WHAT IS EXPECTED: Exactly as they appear, copy the lines from the one holding "Gac Trumpchi 1:43" through the end of the records, leaving pictures out.
#### DATA FOR THIS EXERCISE
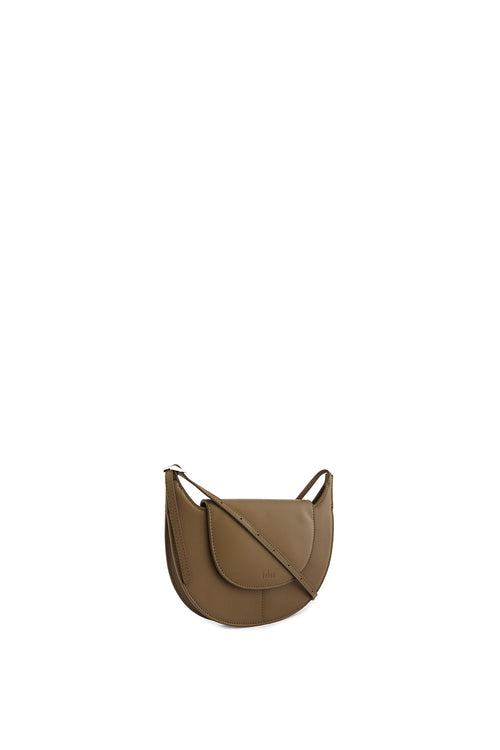 Nadia Nappa Palm Crossbody Bag
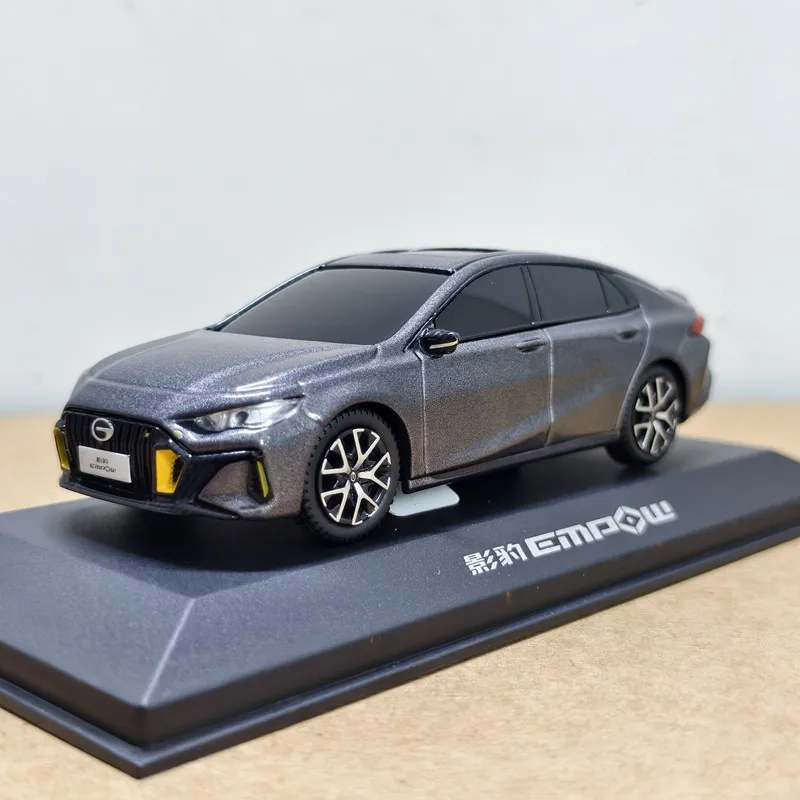 Gac Trumpchi 1:43 Empow Alloy Car Model Simulation Diecast Vehicle Collectible Display Decoration For Adult Car Enthusiast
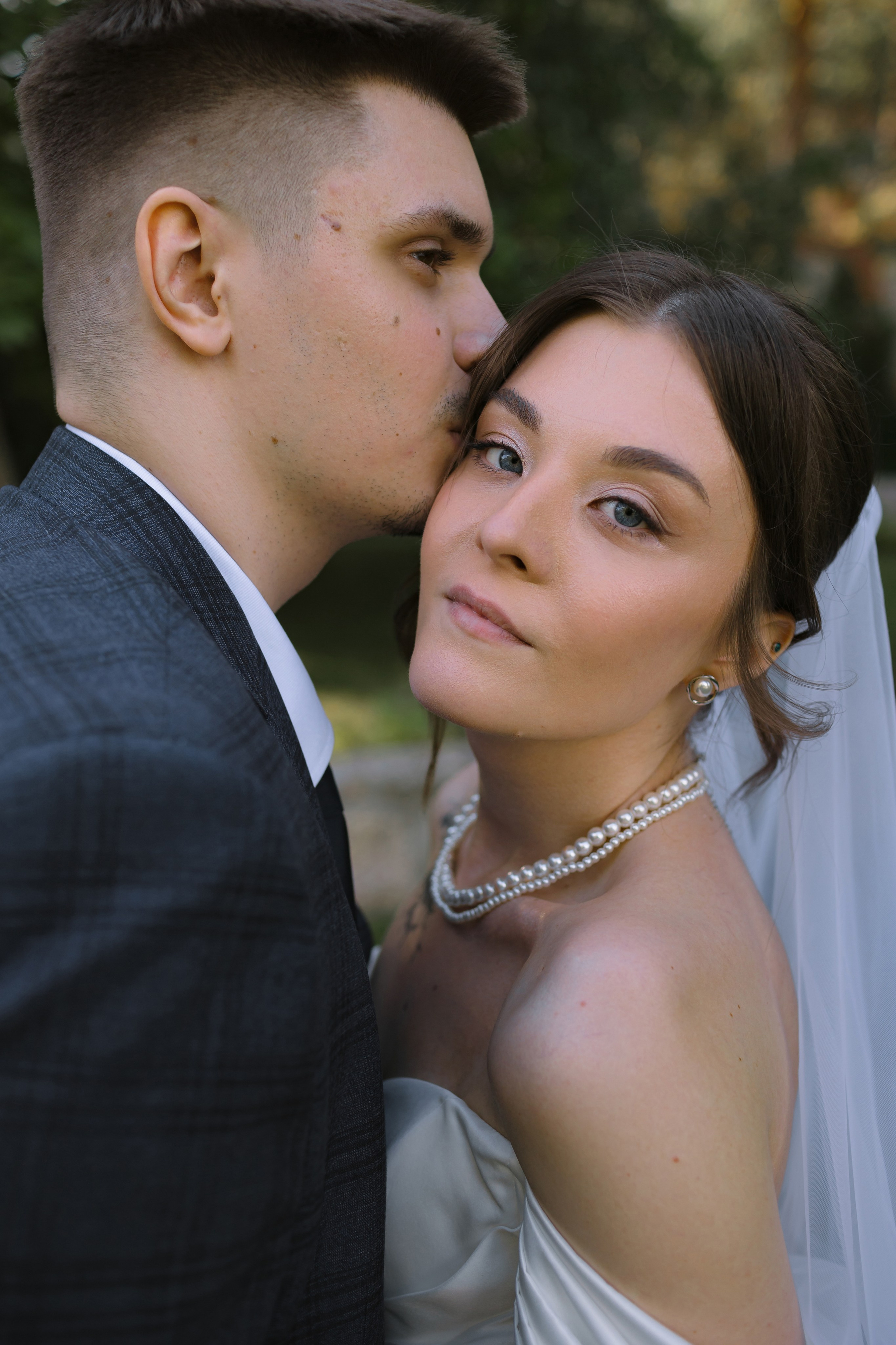 Илья и Полина. Свадебный и семейный фотограф в Самаре Посконнова Анна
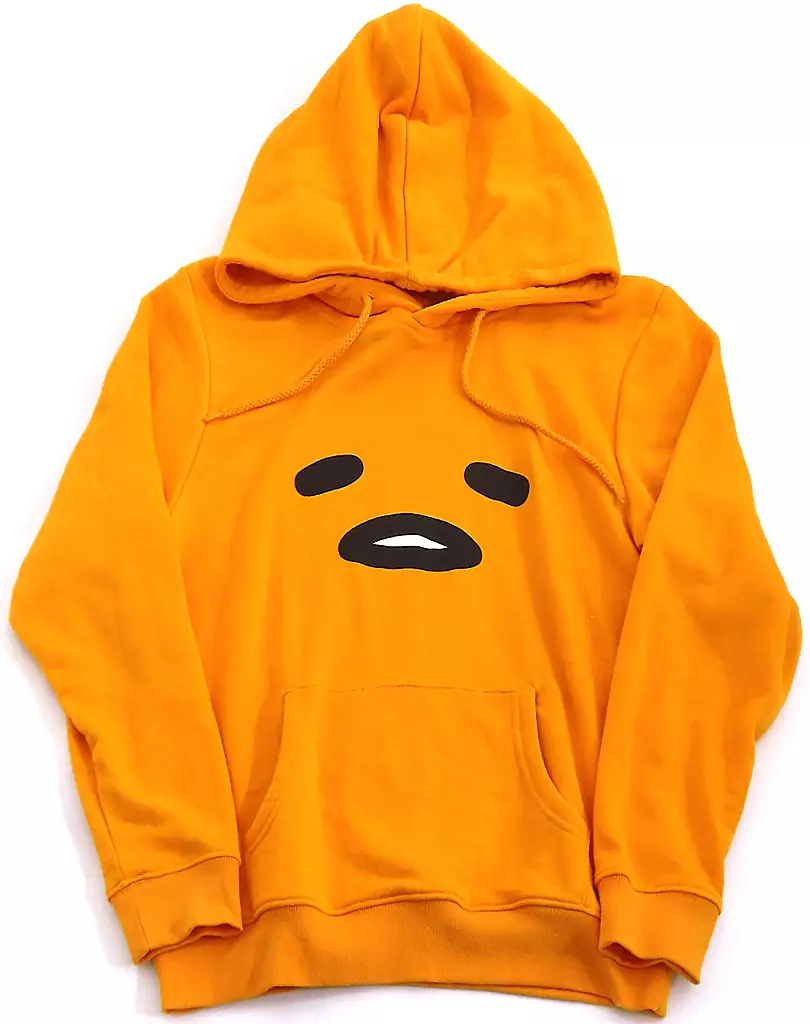 Clothes - Hoodie - Sanrio characters / Gudetama Size-M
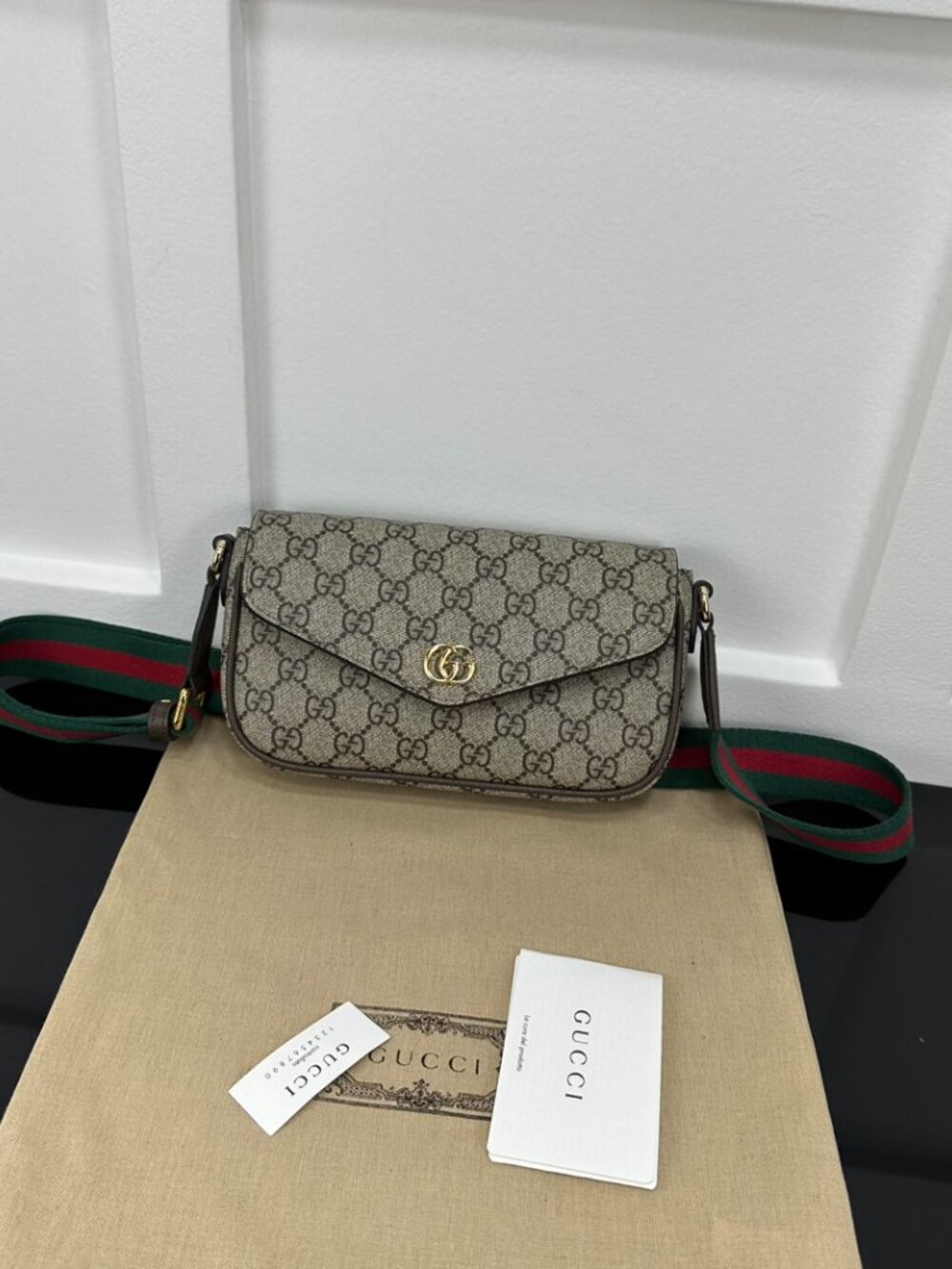 Gucci Ophidia pochette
########
FINISHED TASK:
 Gac Trumpchi 1:43 Empow Alloy Car Model Simulation Diecast Vehicle Collectible Display Decoration For Adult Car Enthusiast
 Илья и Полина. Свадебный и семейный фотограф в Самаре Посконнова Анна
 Clothes - Hoodie - Sanrio characters / Gudetama Size-M
 Gucci Ophidia pochette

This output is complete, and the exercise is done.